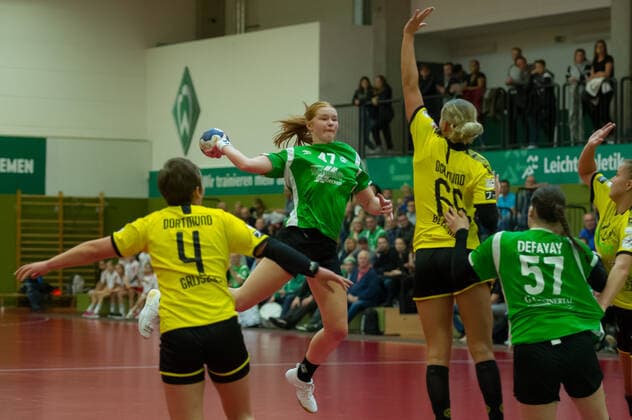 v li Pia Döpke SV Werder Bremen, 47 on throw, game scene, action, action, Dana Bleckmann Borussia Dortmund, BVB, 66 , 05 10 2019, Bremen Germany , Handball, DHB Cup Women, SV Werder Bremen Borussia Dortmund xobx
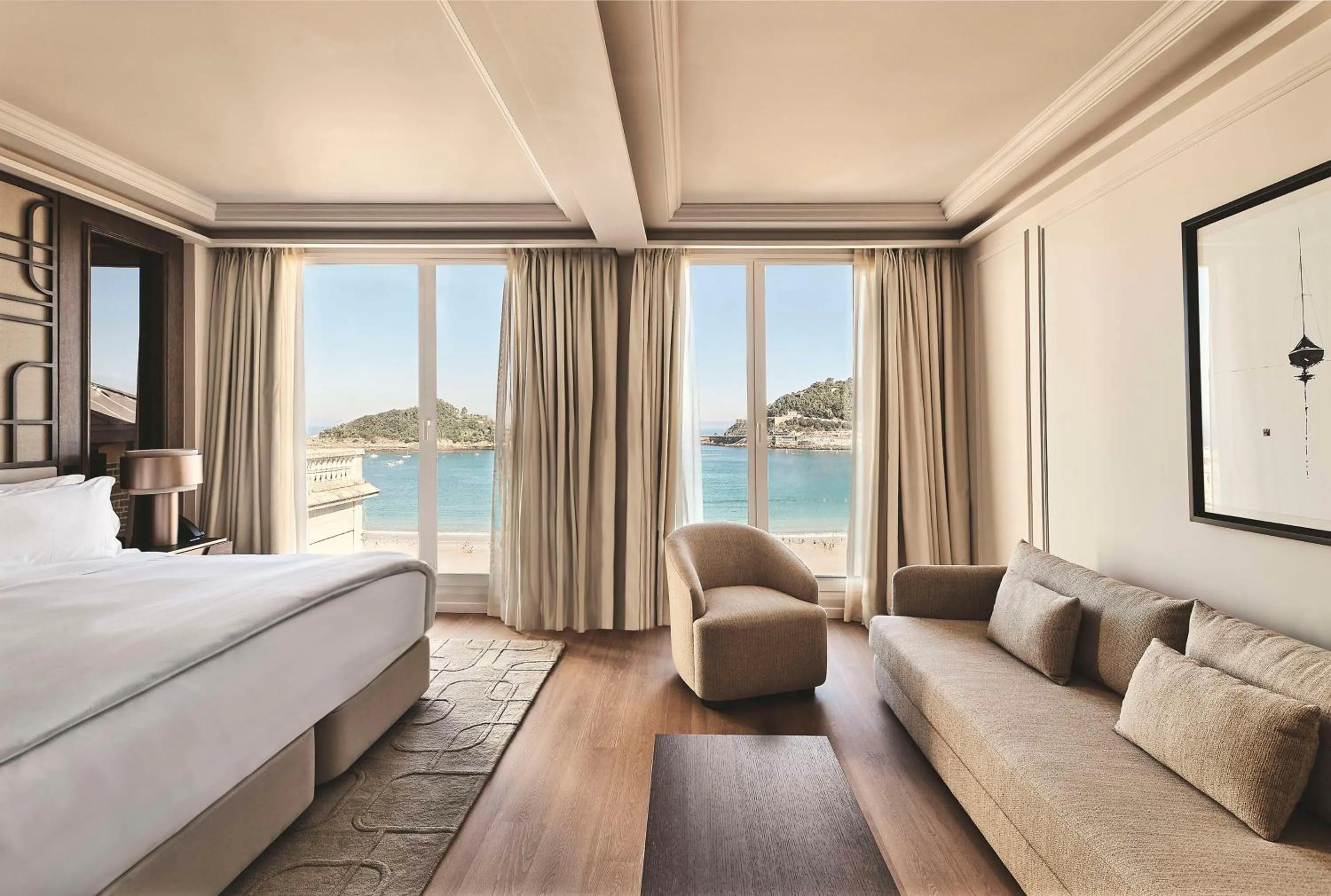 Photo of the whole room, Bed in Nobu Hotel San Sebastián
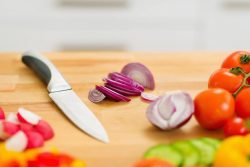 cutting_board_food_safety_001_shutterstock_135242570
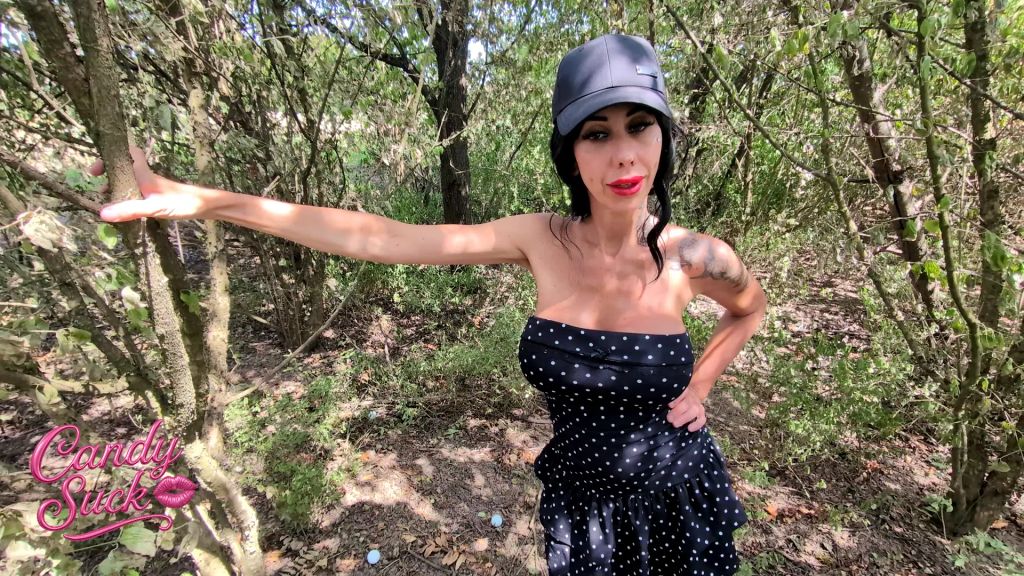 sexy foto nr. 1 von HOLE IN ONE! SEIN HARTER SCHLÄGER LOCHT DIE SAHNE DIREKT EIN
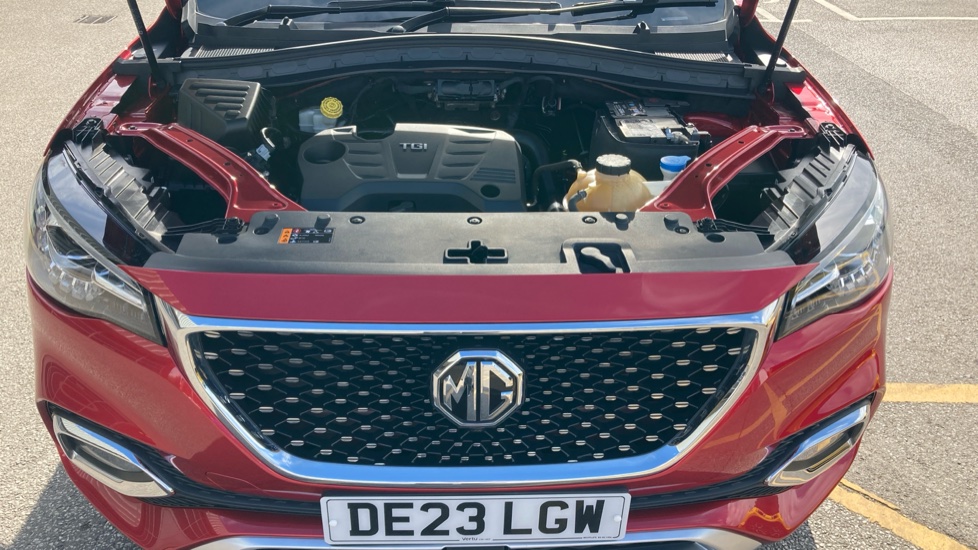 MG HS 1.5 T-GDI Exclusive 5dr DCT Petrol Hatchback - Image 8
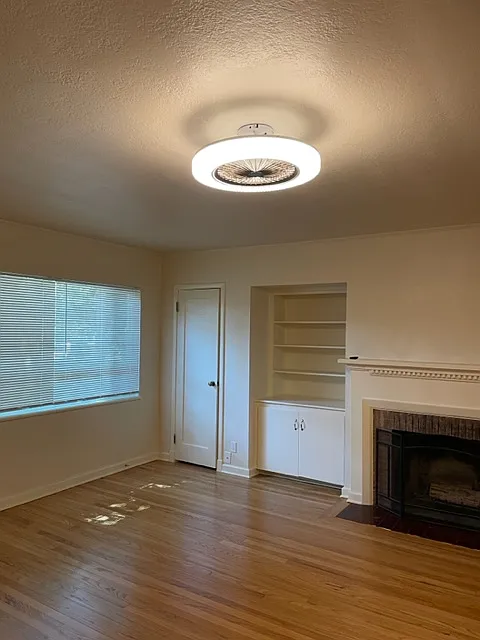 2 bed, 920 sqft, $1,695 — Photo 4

+===+

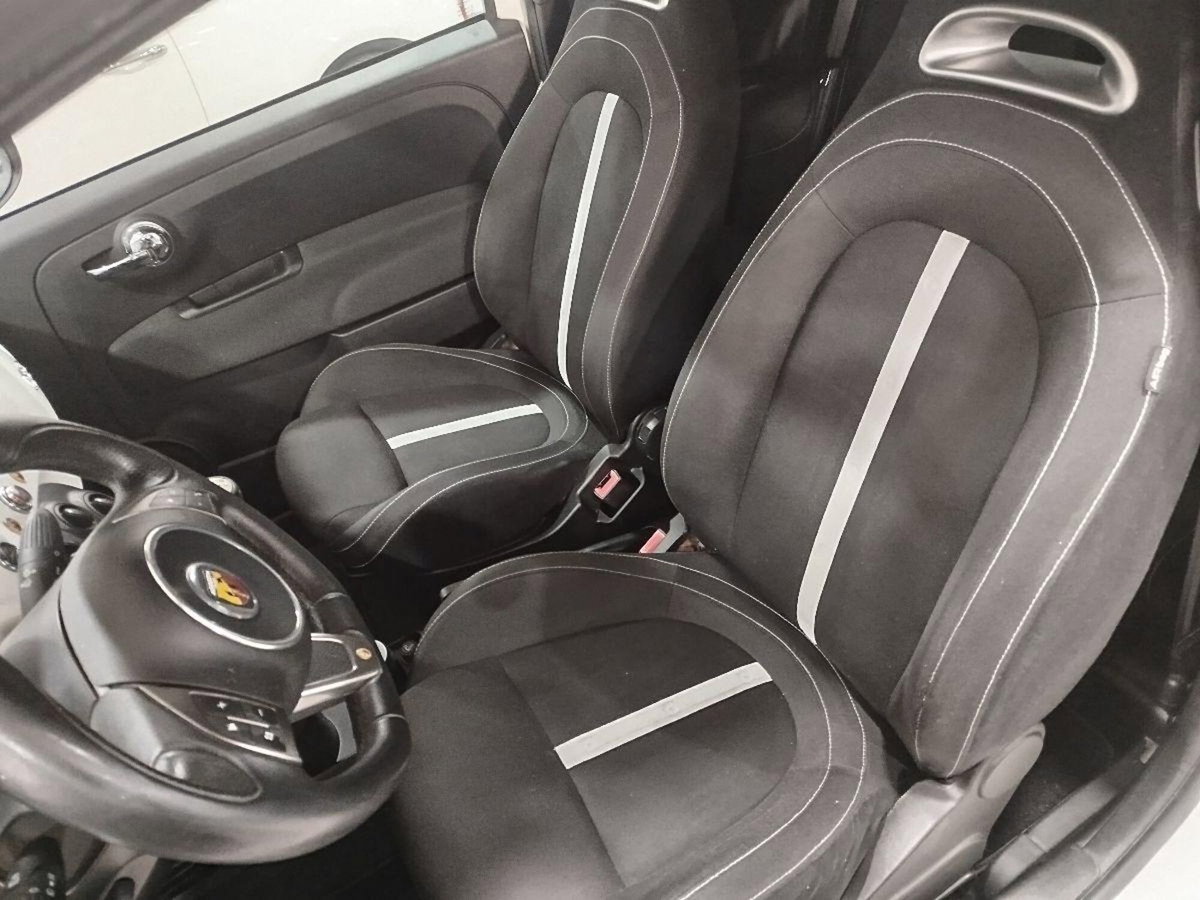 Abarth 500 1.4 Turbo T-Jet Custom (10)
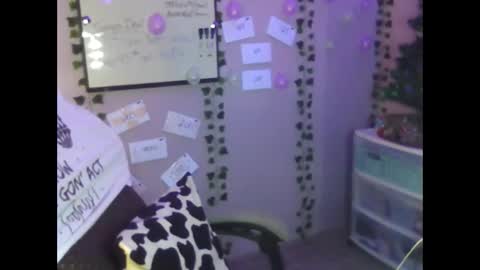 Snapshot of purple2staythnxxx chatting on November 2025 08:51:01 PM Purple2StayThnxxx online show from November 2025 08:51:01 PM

+===+

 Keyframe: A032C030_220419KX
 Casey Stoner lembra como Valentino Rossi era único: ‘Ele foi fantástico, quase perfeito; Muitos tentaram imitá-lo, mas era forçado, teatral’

+===+

### THE PROBLEM
Transcribe exactly the lines above, beginning at the one with "cutting_board_food_safety_001_shutterstock_135242570" and going up to and including the one with "2 bed, 920 sqft, $1,695 — Photo 4". Pictures do not belong in the copy.

### TASK RESPONSE
 cutting_board_food_safety_001_shutterstock_135242570
 sexy foto nr. 1 von HOLE IN ONE! SEIN HARTER SCHLÄGER LOCHT DIE SAHNE DIREKT EIN
 MG HS 1.5 T-GDI Exclusive 5dr DCT Petrol Hatchback - Image 8
 2 bed, 920 sqft, $1,695 — Photo 4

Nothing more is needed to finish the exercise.